You made all the delicate, inner parts of my body and knit me together in my mother’s womb. Thank you for making me so wonderfully complex! Your workmanship is marvelous—how well I know it. … How precious are your thoughts about me, O God. They cannot be numbered! I can’t even count them; they outnumber the grains of sand! (Psalm 139:13-14, 17-18, NLT)
Yesterday was a superb day for me.
First of all, I have the pleasure of being a stay-at-home Mom with my two girls. Whether we are in good or ill sorts, each day is a blessing (truly). I am (sometimes overly) aware that these moments in their precious lives we will never get back. I left church for several reasons, one of them was to make sure I am able to soak in these years with them.
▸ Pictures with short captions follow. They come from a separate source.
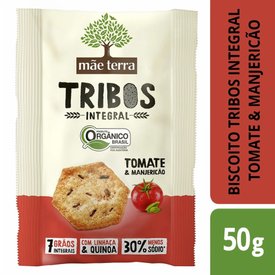BISCOITO SALGADO ORGÂNICO MÃE TERRA TRIBOS TOMATE E MANJERICÃO 50G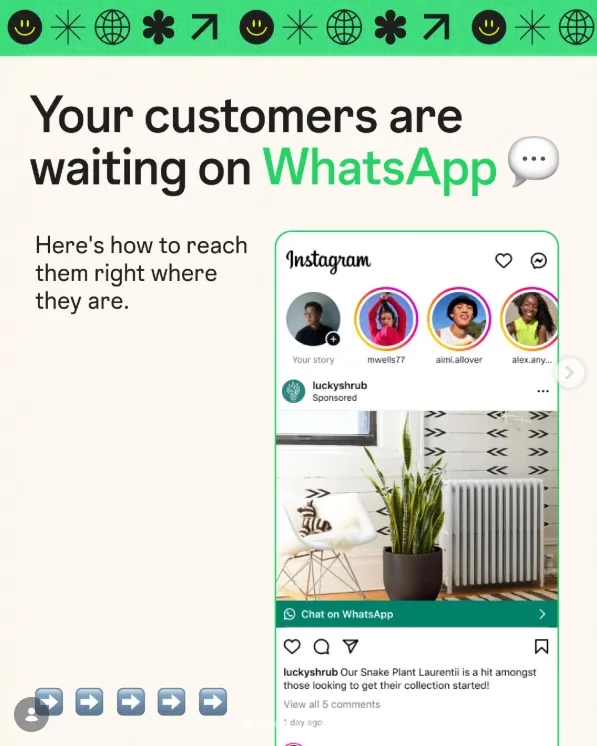 Instagram и WhatsApp усиливают продвижение продаж через личные сообщения Instagram и WhatsApp усиливают продвижение продаж через личные сообщения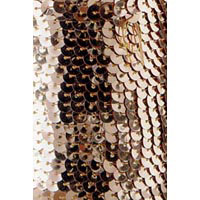 1/4\" Gold Flat Sequin Trim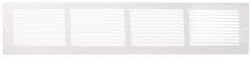 24" x 4" (Wall Opening Size) White Return Air Grille (650 S s)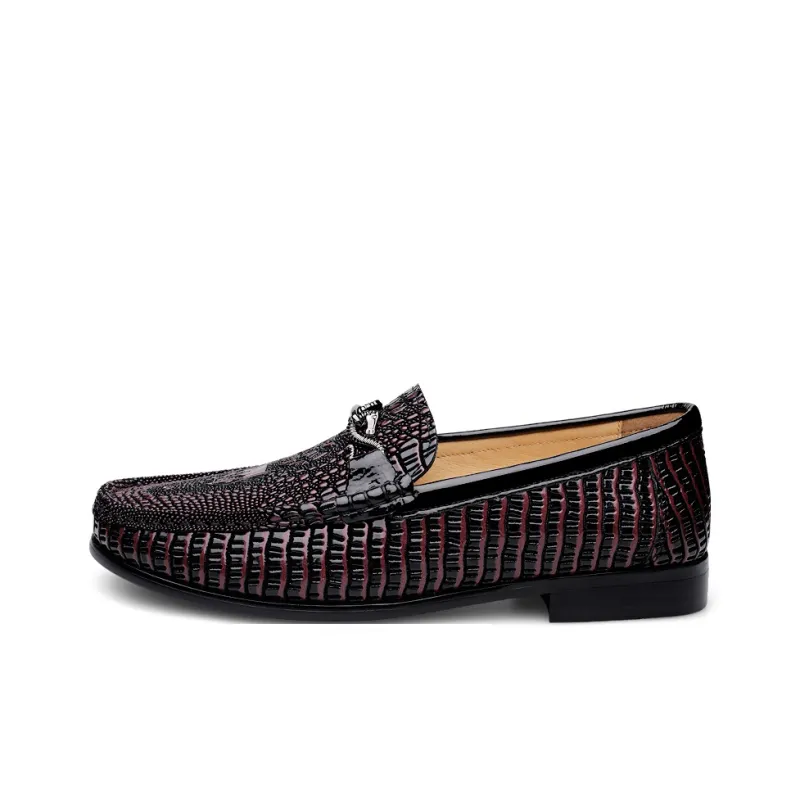 BAGE Gommino Loafers Unisex Black-0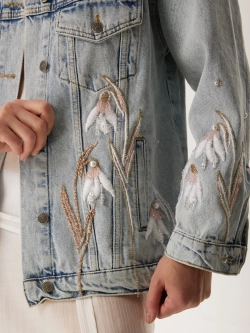 Жакет джинсовый классический АУРА, голубой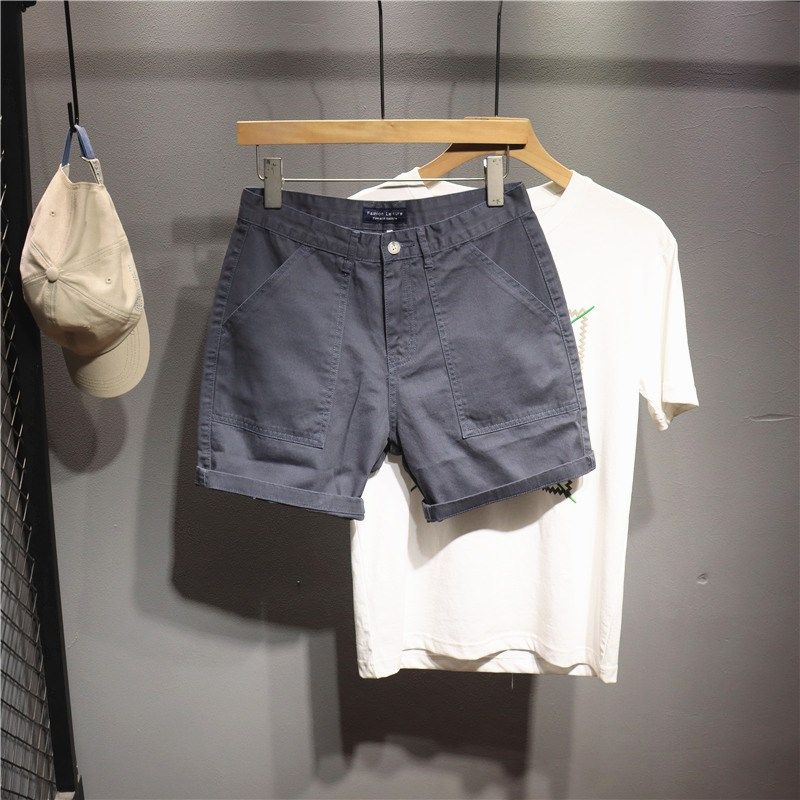 毒类美式潮牌工装四分裤男时尚设计感简约百搭短裤夏季休闲大裤衩,男装,短裤,淘宝优惠券,粉丝福利购,淘宝优惠卷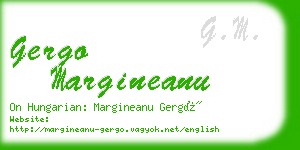 gergo margineanu business card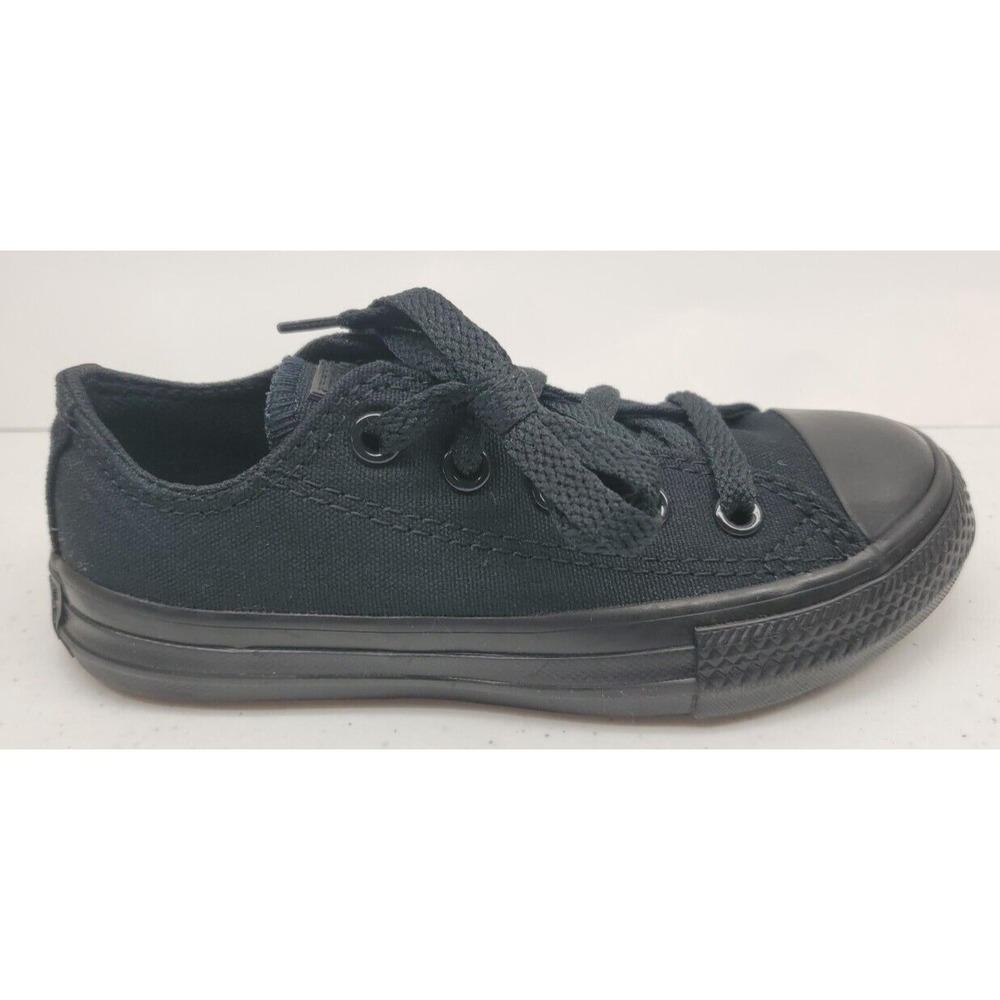 Converse Youth Chuck Taylor All Star Canvas Low Top Sneakers Black Size 11Y NEW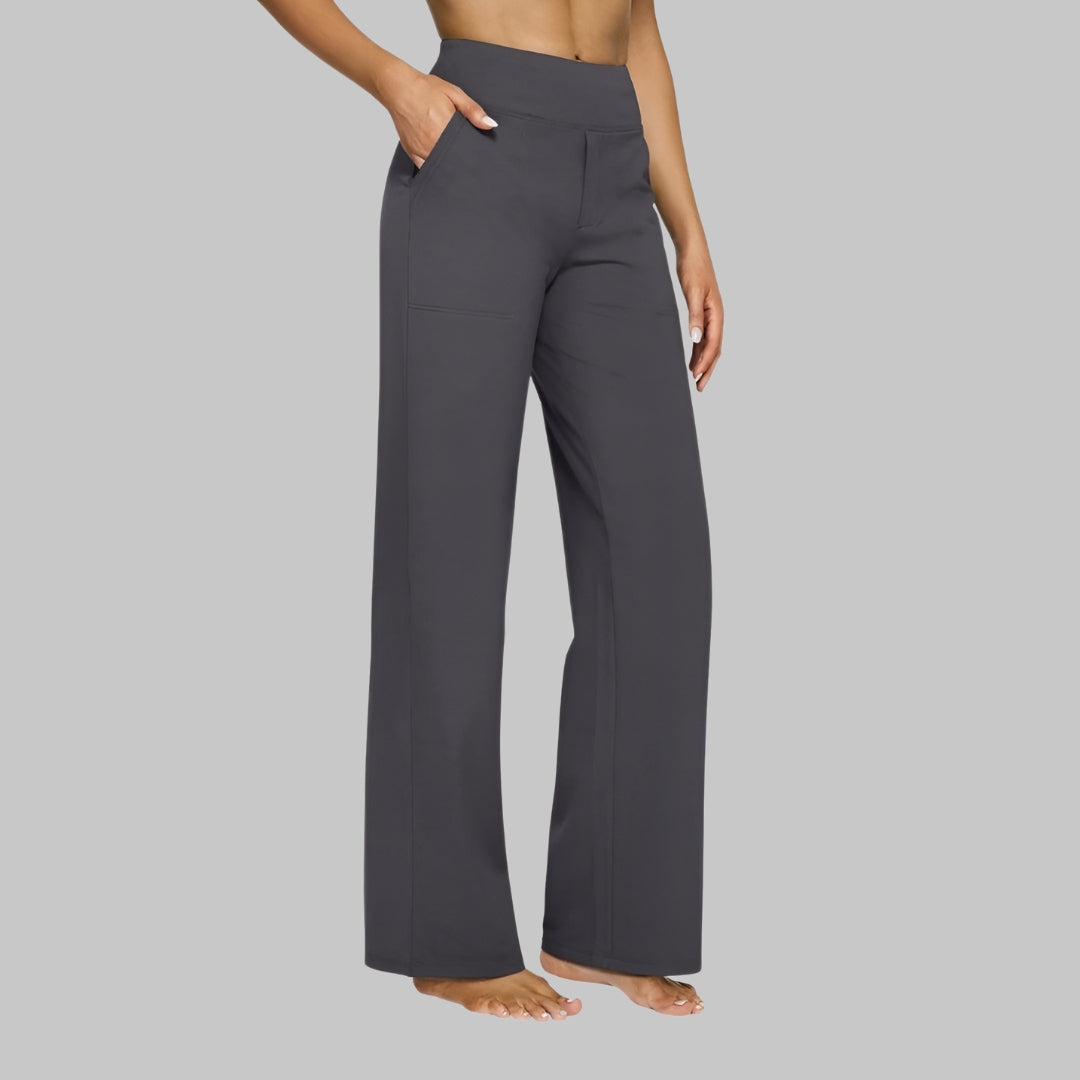 Prio Moda | Elastic trousers with pockets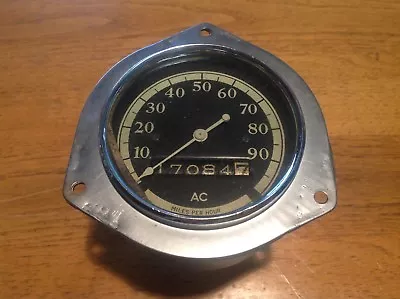 LQQK! 1934 ? OLDSMOBILE 6 & 8 Speedometer ODOMETER Vintage AC Spark Plug Co      • $109.95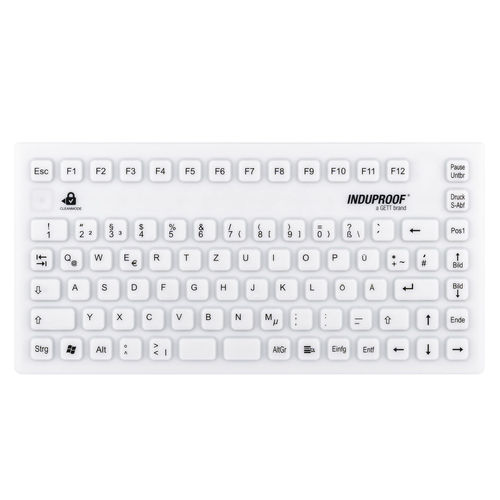 Tastiera medicale con tastierino numerico - COMPACT KG20231 - GETT Asia Ltd. - in silicone / USB / impermeabile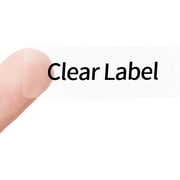 JADENS Label Maker Tape, Transparent Thermal Label Self-Adhesive Label Tape, 14x40mm, 160 pcs/Roll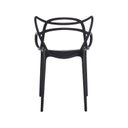 Ver imagem 4 de Kit 4 Cadeiras Solna Allegra de Polipropileno Preta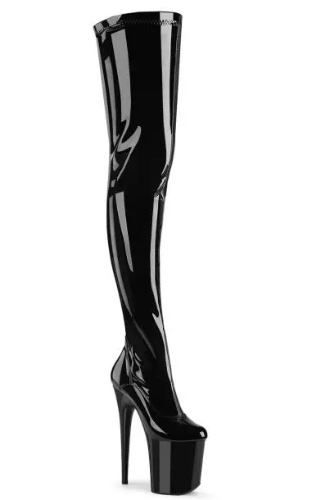 Extrem Plateau Stiefel FLAMINGO-4000 - Schwarz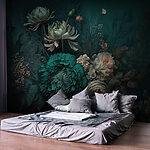 Ταπετσαρίες Floral artwork με λεπτεπίλεπτα πέταλα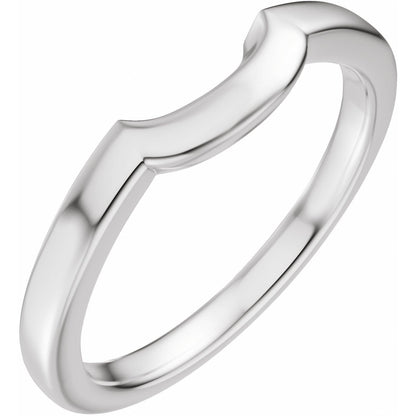 Band for 10x8 mm Oval Ring
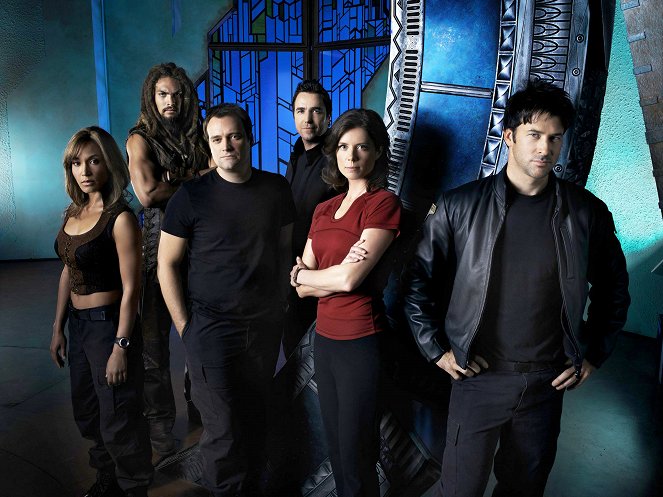 Stargate: Atlantis - Season 3 - Promoción - Rachel Luttrell, Jason Momoa, David Hewlett, Paul McGillion, Torri Higginson, Joe Flanigan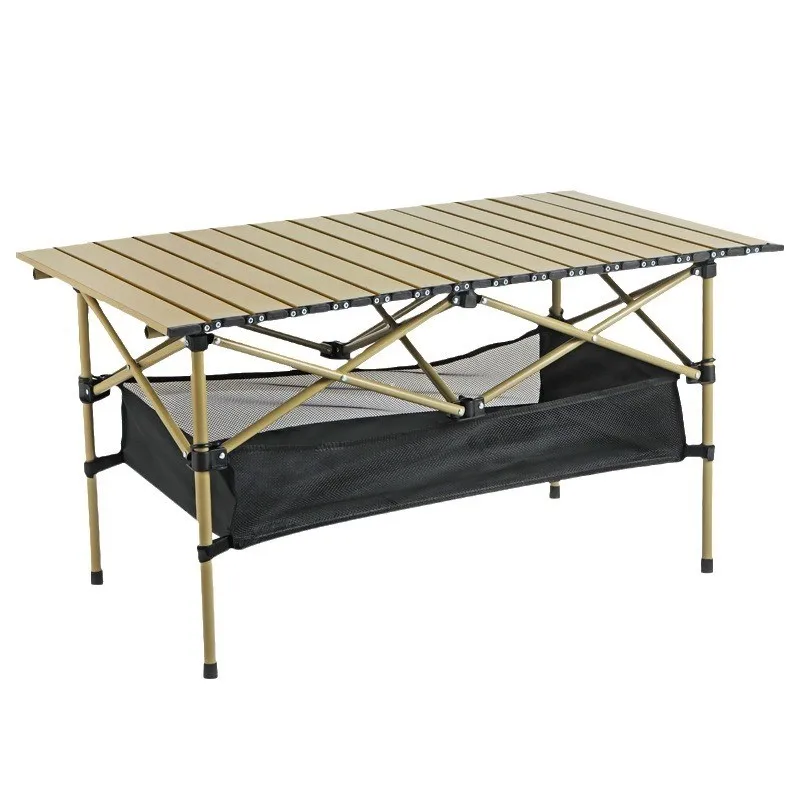 Outdoor Folding Portable Camping Table Good Storage Picnic Table Field Camping Car BBQ Lightweight Egg Roll Table Home Camping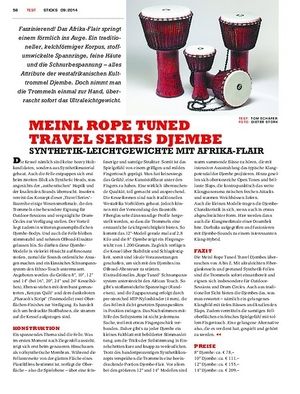 Sticks Meinl Rope Tuned Travel Series Djembe Sticks Meinl Rope Tuned Travel Series Djembe
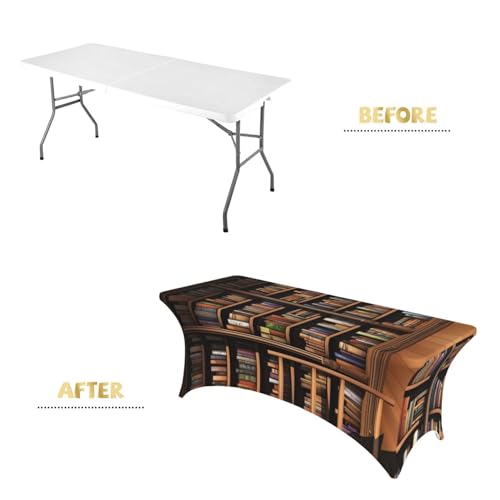 Nappe de table 1,8m en élasthanne extensible rectangulaire lavable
About 10:00 yesterday morning I received an email for which I had been waiting. The response came perfectly within the promised time span, but my restless heart had convinced my mind that months, even years had passed.
I applied for membership in Redbud Writers Guild several weeks ago. I would hear back from the membership committee in 10-14 days. Tick, toc…tick, toc… Does that mean 10-14 actual days or 10-14 business days?! Makes a difference, you know. Tick, toc…tick, toc…
It’s almost hilarious that I was so nervous. Prior to attending the Festival of Faith and Writing in April of this year, I had never heard of Redbud Writers Guild. (Heck, prior to January 2012 I had never heard of the Festival of Faith and Writing.) Oh, what a newbie I continue to be! I started writing regularly and working earnestly to develop my platform (without knowing what a platform was or even what I was doing) only just this past fall. How is it that I came to be so intensely concerned about being accepted into Redbud in such a short period of time?
(Tangent: My eyes have quickly been opened to the chaos and overstimulation of the literary world! Publishing has changed immensely since the birth and boom of the blogosphere and social networking. A writer must balance promoting herself and her work and that which she loves, the writing itself. It’s wobbly; and when one does her best, deepest work when alone with her computer she can feel isolated quickly. Enter Redbud Writers Guild — it is a community of stellar female Christian writers supporting one another first, and a feather in members’ caps second.)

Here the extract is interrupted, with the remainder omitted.